Apesar das diferentes opiniões e da crescente insatisfação, muitos consideram que apenas um grave problema de saúde fará com que o chefe de estado russo deixe o poder.
A opinião dos ‘homens fortes’ do Kremlin quanto à guerra na Ucrânia parece ter voltado a mudar. Pelo menos é o que avança o meio independente Meduza que, três meses após o início da invasão russa, lança que a insatisfação para com o presidente, Vladimir Putin, começa a ser um sentimento partilhado tanto pelas elites próximas do chefe de estado, como pelos seus opositores.

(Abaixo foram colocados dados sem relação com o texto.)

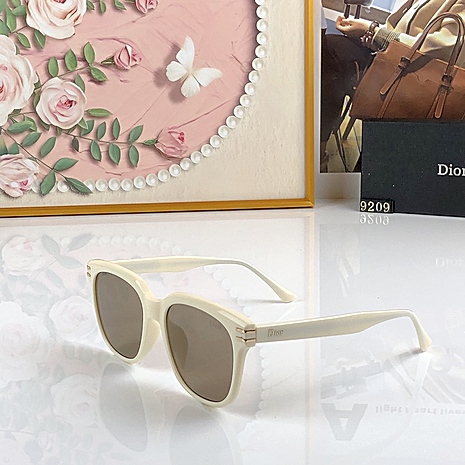 Dior AAA+ Sunglasses #805309 replica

Se em março a maioria se mostrava aterrorizada com as sanções, uma onda de patriotismo terá tomado conta dos funcionários Kremlin nos meses que se seguiram, apelando para que a Rússia lutasse “até ao amargo fim”. Agora, contudo, os ânimos voltaram ao campo do pessimismo, uma vez que “não será possível viver como antes”.
“Qualquer conversa sobre desenvolvimento foi pela janela. Mas a vida continua. Há o mercado paralelo. Há o comércio com a China e a Índia”, disse uma fonte do Kremlin ao órgão noticioso.
Ainda assim, não há, na mente dos oficiais russos, um cenário no qual Putin consiga colocar um ponto final ao conflito na Ucrânia e, ao mesmo tempo, mantenha a sua reputação na Rússia. A Meduza refere mesmo que a administração do país está a equacionar uma forma de “sair com dignidade” desde o início da invasão, mas ainda sem solução à vista.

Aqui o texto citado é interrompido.